─── Data shown ───

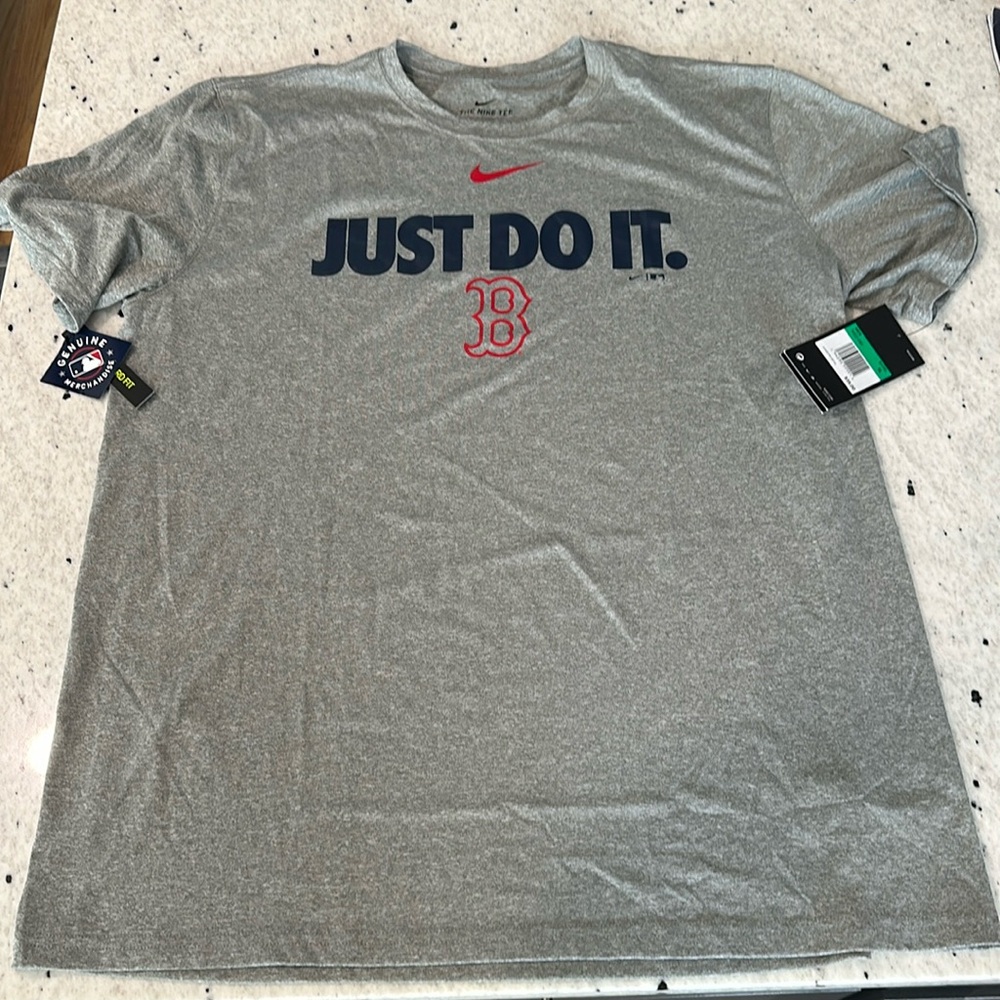 NWT Nike Boston Red Sox tshirt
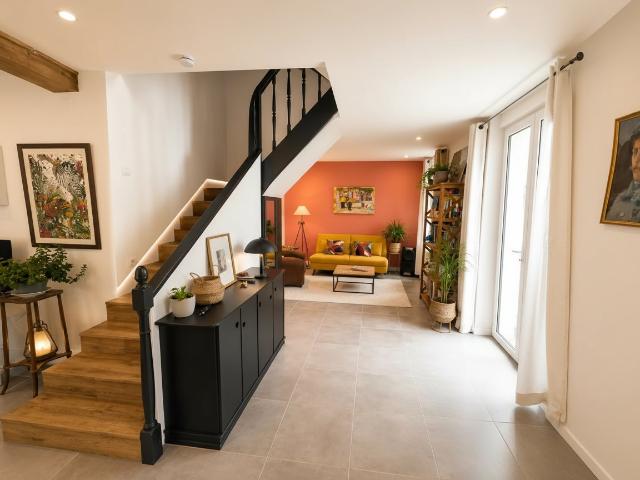 Maison de village du 16eme siècle, 6 pièces d'environ155m2 a. 155m² Carcassonne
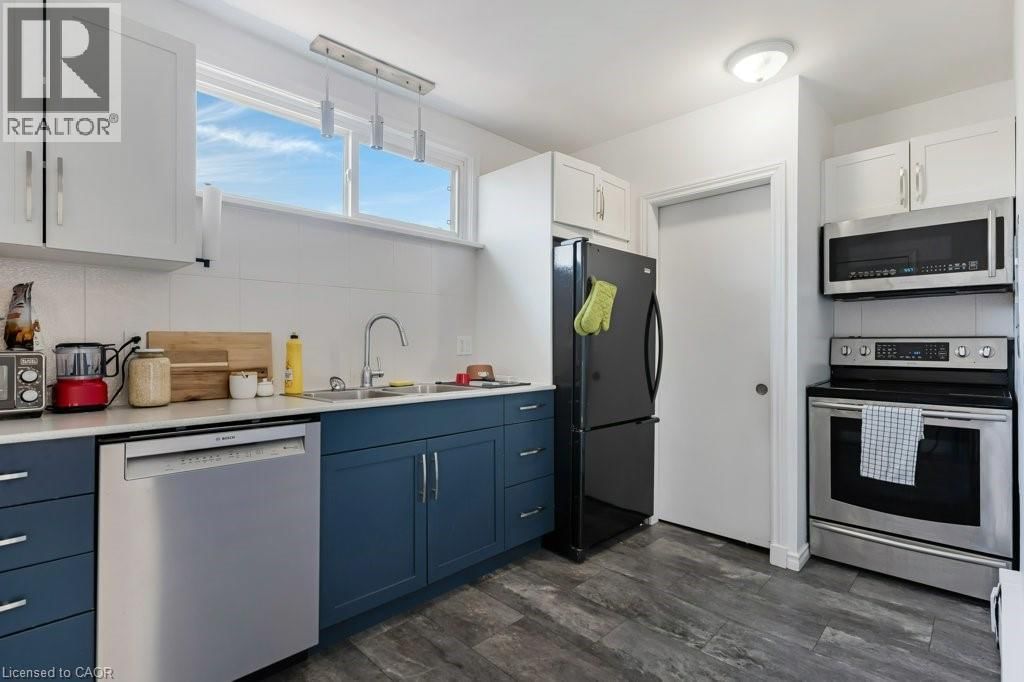 97 ST GEORGE STREET Image 24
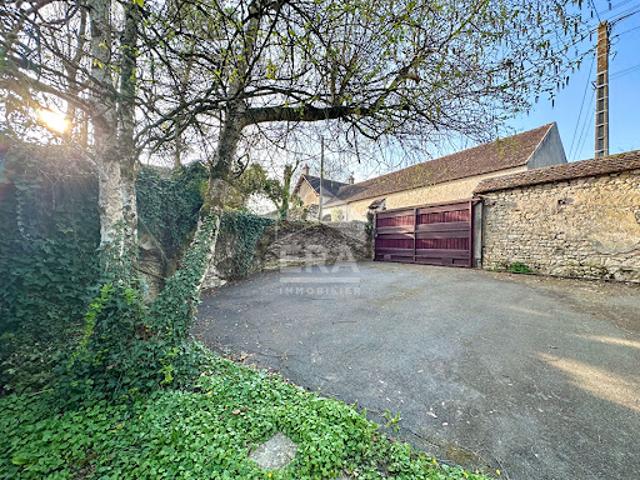 Maison vente à Fontainebleau, Poligny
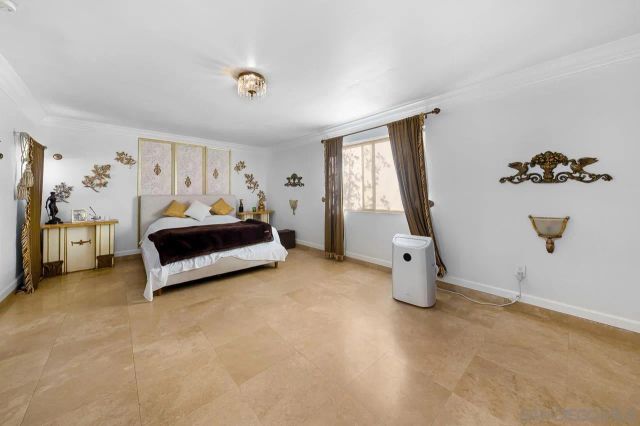 5628 Desert View Drive, La Jolla, CA 92037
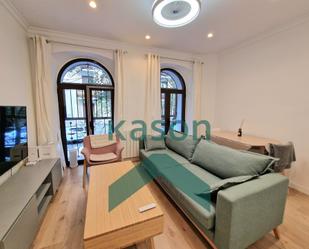 Sala d'estar de Apartament de lloguer en  Madrid Capital amb Aire condicionat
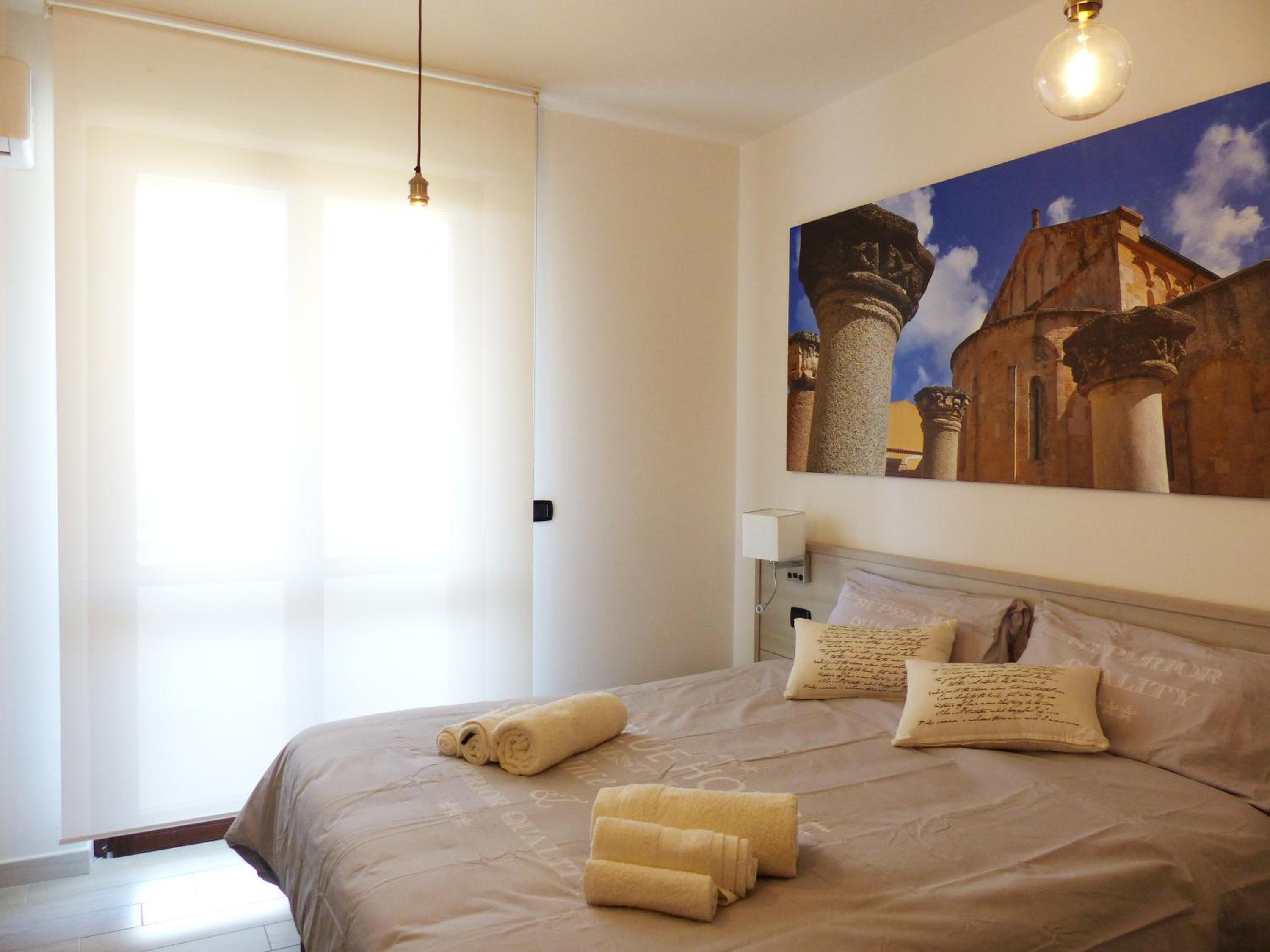 Deluxe Double Room with Balcony photo 1
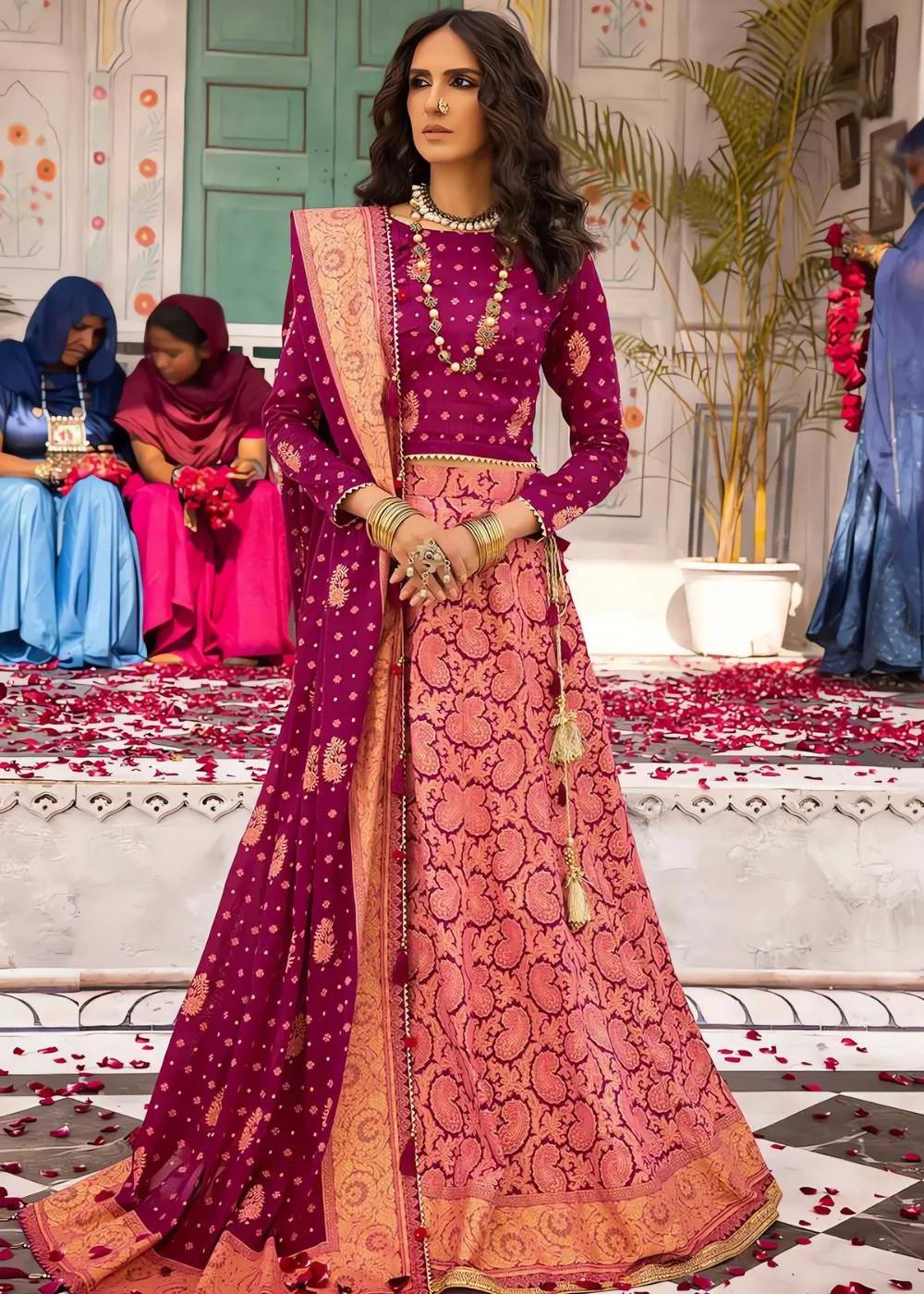 Premium Gul Ahmed Print UAE Glitter Printed Lawn 3-Piece Unstitched Suit - CL-32533 A - Elevate Your Style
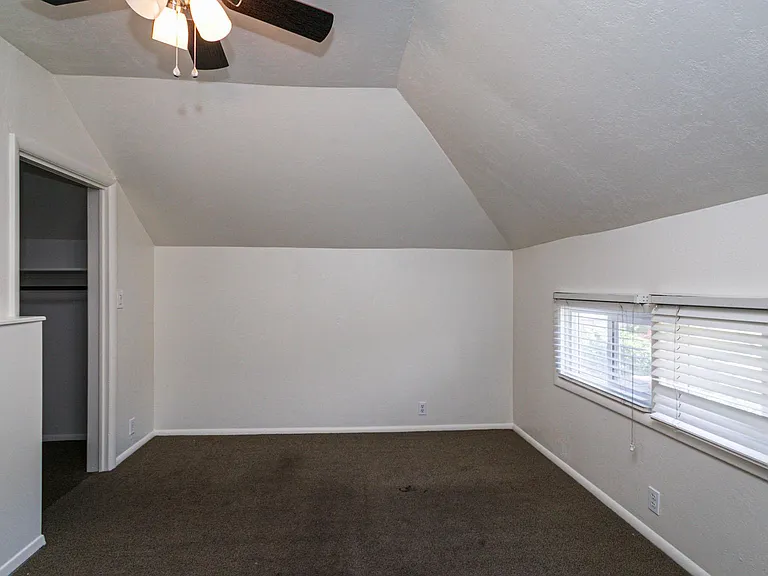 84 R St #2 — Photo 10
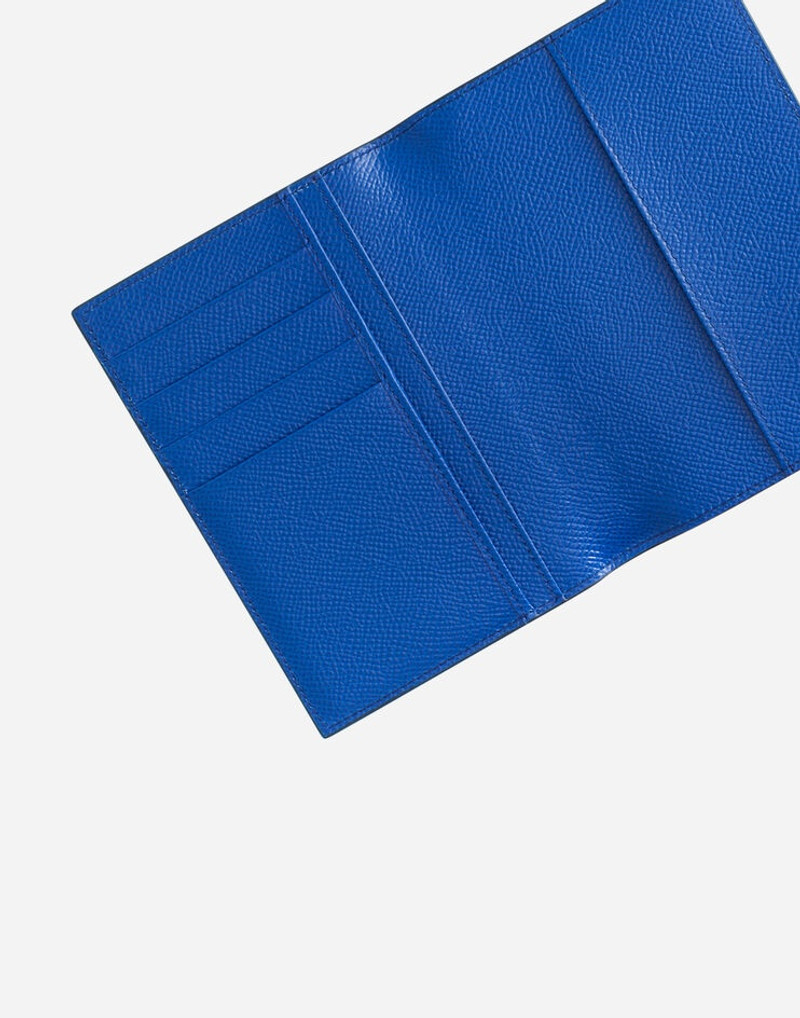 Dauphine calfskin passport case 4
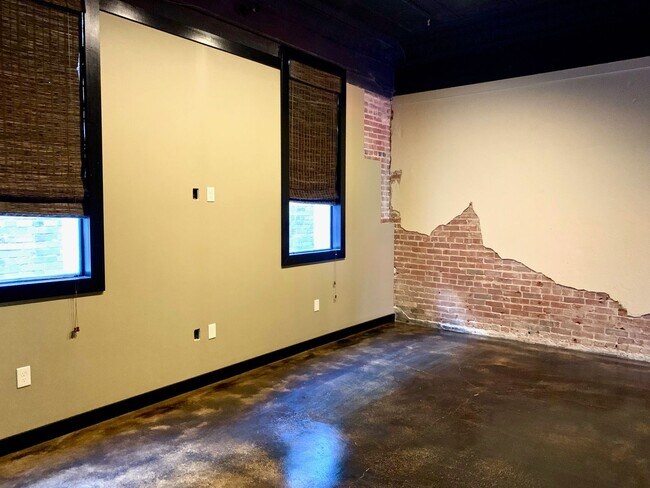 Building Photo - 110 W Huntington Ave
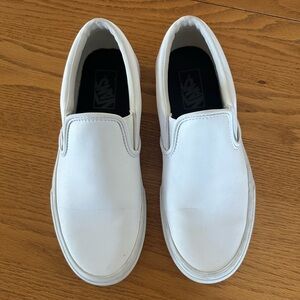 Vans Unisex Classic White Slip-Ons M 8.0 W 9.5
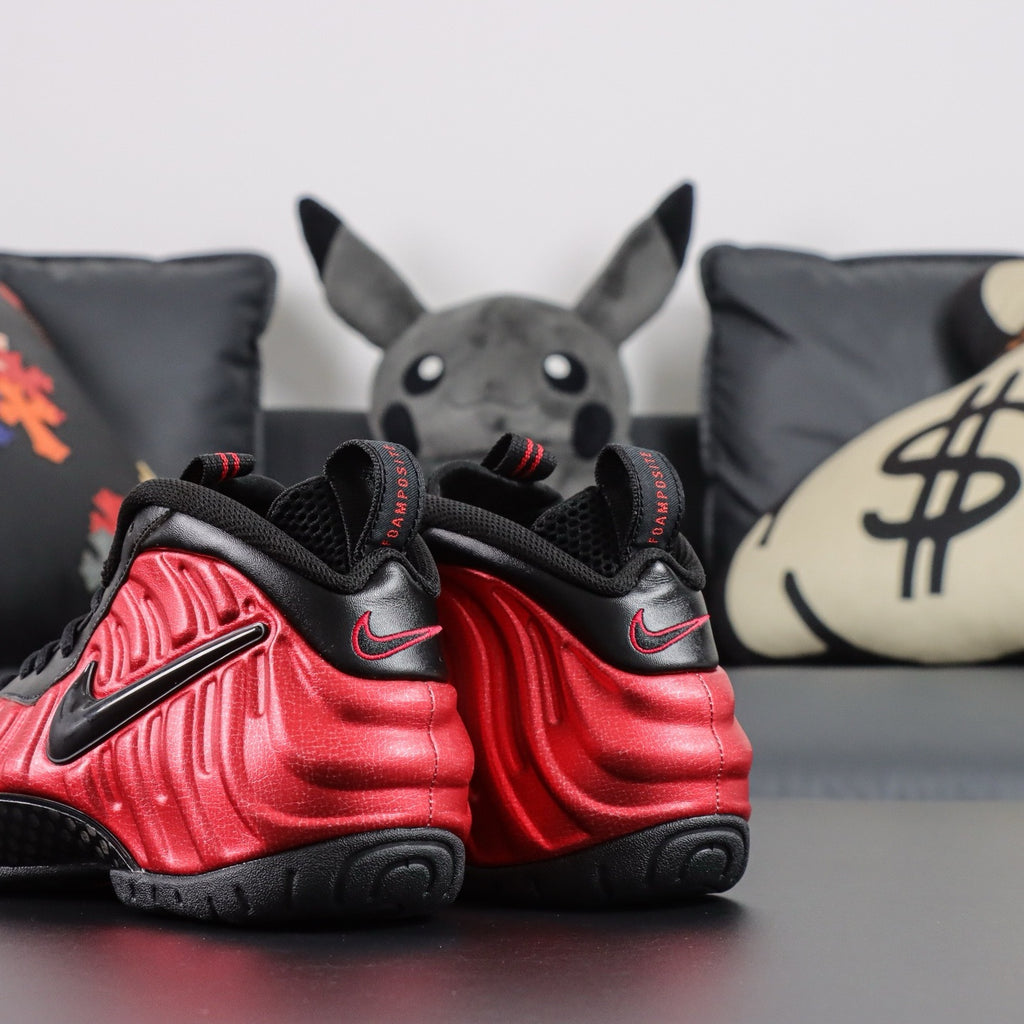 NIKE AIR  Foamposite Pro University Red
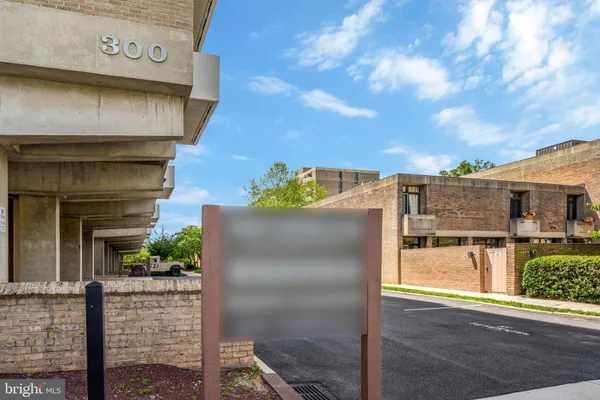 $257,900 | 300 M Street Southwest, Unit N508, Washington, DC 20024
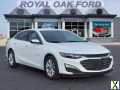 Photo Used 2023 Chevrolet Malibu LT w/ Driver Confidence Package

───

◆ **Task requirements**: "Sala d'estar de" marks the first line to be returned; return exactly that line and every line after it through the last line of the listing, omitting pictures.

◆ **Response to the exercise**:
 Sala d'estar de Apartament de lloguer en  Madrid Capital amb Aire condicionat
 Deluxe Double Room with Balcony photo 1
 Premium Gul Ahmed Print UAE Glitter Printed Lawn 3-Piece Unstitched Suit - CL-32533 A - Elevate Your Style
 84 R St #2 — Photo 10
 Dauphine calfskin passport case 4
 Building Photo - 110 W Huntington Ave
 Vans Unisex Classic White Slip-Ons M 8.0 W 9.5
 NIKE AIR  Foamposite Pro University Red
 $257,900 | 300 M Street Southwest, Unit N508, Washington, DC 20024
 Photo Used 2023 Chevrolet Malibu LT w/ Driver Confidence Package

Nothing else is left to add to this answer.